* [MATERIAL PROVIDED]:
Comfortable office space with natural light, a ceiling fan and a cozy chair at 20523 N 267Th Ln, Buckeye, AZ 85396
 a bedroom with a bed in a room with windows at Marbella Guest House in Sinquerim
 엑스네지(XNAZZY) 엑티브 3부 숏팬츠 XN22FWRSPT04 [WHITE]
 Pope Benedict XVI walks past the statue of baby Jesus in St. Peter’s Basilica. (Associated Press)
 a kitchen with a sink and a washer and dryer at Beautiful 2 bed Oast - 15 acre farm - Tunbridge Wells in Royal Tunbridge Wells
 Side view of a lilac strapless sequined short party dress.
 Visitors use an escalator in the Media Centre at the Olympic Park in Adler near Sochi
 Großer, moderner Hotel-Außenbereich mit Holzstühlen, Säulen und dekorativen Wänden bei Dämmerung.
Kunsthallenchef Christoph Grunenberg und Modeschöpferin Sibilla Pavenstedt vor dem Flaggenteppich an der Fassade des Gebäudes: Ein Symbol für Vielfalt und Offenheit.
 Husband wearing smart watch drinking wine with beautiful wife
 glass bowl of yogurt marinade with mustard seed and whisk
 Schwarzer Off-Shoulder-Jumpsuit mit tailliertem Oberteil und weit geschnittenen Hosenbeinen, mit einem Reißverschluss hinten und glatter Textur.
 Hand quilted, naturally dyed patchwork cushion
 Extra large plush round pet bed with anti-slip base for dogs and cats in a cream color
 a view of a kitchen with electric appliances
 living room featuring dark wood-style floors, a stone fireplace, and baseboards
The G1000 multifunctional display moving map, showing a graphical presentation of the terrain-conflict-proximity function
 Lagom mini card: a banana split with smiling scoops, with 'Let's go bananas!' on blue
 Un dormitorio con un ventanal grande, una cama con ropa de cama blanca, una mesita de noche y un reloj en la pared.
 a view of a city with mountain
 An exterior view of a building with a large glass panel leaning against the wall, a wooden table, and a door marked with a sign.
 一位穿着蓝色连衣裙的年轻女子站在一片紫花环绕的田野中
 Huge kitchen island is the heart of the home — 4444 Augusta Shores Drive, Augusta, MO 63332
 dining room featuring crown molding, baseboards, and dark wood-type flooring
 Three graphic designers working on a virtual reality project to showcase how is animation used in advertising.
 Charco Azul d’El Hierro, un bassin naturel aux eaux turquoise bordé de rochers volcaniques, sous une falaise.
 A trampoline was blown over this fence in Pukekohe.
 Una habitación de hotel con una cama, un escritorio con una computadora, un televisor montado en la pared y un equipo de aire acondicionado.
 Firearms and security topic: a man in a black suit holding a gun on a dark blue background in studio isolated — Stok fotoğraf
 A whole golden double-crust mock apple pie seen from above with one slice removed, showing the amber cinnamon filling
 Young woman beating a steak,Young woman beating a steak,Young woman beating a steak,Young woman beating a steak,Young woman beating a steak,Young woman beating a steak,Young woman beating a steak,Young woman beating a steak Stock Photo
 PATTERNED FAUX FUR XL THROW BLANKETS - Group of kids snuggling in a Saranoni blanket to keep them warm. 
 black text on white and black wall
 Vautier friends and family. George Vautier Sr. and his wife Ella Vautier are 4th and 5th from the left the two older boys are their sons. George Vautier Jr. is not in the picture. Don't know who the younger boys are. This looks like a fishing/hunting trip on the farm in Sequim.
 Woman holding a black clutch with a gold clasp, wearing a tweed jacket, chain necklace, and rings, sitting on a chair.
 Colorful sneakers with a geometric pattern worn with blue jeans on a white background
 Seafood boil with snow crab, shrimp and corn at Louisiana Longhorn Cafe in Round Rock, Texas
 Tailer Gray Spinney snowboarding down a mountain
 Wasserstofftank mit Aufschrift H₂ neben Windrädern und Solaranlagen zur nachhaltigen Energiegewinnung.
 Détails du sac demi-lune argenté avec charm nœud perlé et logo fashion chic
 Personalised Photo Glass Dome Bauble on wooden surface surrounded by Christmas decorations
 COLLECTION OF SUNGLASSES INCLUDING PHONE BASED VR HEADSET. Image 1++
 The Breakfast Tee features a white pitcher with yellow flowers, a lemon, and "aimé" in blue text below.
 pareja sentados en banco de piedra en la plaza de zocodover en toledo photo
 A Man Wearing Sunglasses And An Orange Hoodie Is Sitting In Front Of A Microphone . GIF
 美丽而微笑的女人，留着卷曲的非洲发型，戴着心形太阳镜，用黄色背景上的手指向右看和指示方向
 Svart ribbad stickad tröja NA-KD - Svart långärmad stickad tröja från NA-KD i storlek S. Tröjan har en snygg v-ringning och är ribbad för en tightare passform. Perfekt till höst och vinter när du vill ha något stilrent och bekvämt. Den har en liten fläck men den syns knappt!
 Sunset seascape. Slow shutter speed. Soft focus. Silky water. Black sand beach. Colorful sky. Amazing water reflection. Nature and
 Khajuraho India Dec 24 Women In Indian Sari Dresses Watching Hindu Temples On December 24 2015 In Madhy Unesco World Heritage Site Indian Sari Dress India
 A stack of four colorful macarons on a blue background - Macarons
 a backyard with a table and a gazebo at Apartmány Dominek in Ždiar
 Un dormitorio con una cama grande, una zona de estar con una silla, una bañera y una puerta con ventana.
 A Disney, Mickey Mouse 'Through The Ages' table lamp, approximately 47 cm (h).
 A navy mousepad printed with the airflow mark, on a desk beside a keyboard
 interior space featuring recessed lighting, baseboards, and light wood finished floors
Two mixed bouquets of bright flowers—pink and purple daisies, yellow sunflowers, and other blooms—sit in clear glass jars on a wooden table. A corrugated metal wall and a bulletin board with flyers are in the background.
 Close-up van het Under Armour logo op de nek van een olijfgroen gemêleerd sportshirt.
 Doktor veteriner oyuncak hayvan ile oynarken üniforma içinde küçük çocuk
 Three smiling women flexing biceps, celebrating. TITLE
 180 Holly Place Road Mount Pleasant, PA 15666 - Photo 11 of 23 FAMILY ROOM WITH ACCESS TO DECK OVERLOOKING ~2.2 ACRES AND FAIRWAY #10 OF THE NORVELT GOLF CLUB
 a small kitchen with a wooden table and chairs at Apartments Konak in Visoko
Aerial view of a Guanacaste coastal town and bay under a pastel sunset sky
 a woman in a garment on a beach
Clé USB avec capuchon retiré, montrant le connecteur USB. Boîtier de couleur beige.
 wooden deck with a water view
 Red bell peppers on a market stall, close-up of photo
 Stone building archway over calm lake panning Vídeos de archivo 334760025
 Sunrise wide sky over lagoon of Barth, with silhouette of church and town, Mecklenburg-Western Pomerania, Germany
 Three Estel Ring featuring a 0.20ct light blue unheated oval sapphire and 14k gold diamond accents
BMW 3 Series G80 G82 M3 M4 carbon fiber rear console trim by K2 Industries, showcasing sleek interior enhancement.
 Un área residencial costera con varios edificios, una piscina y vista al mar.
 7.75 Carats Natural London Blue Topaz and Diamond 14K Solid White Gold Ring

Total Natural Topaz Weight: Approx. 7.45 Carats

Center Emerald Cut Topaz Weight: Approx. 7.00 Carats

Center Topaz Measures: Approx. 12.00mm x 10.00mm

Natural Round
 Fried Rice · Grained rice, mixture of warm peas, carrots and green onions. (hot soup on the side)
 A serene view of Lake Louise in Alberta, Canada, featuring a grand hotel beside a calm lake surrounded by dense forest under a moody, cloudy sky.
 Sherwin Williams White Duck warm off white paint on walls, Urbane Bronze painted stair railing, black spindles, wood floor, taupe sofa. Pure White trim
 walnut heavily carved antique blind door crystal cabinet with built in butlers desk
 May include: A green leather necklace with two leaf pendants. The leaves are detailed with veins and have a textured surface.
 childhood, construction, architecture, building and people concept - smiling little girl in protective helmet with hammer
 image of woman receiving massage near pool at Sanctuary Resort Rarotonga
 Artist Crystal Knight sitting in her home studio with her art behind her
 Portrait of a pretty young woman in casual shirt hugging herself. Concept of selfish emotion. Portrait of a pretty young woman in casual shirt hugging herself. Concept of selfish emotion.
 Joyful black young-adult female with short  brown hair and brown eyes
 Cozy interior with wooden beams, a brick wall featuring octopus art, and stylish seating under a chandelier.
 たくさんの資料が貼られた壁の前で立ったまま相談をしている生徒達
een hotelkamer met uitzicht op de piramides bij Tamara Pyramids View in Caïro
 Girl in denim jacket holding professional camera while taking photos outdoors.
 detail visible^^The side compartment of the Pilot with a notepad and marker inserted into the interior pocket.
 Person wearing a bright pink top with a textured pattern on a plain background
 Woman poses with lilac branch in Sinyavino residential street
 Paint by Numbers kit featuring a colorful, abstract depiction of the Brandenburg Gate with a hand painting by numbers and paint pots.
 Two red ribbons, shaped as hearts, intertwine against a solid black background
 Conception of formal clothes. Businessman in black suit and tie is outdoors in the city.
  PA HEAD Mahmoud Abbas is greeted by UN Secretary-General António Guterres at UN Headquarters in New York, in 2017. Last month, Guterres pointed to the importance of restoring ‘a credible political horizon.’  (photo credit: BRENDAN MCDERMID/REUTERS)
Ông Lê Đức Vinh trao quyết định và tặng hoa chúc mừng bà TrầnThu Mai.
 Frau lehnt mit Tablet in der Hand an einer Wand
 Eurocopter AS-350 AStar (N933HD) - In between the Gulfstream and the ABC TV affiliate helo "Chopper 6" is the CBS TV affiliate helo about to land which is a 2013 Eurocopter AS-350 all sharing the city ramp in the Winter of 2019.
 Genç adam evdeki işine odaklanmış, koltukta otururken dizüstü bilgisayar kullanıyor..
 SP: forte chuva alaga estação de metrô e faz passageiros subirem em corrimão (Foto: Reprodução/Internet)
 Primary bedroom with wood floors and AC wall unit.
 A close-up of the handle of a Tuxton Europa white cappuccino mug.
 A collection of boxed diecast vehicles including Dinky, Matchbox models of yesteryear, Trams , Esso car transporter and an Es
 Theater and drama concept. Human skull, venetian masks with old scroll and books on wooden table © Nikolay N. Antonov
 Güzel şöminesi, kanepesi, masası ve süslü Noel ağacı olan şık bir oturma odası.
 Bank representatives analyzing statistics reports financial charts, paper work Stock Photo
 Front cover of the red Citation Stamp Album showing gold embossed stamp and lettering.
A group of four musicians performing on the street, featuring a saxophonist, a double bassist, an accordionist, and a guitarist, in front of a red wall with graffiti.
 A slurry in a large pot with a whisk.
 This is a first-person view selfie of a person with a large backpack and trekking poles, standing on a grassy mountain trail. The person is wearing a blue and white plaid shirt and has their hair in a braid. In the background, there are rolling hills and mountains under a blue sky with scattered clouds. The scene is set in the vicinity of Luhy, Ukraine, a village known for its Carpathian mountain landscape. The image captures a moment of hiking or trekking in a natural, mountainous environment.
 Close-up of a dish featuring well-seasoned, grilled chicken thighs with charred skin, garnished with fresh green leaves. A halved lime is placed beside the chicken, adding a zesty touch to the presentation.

* [ASSIGNMENT]:
Bring together all lines from the listing that contain the word "Weight".

* [ANSWER AREA]:
Total Natural Topaz Weight: Approx. 7.45 Carats
Center Emerald Cut Topaz Weight: Approx. 7.00 Carats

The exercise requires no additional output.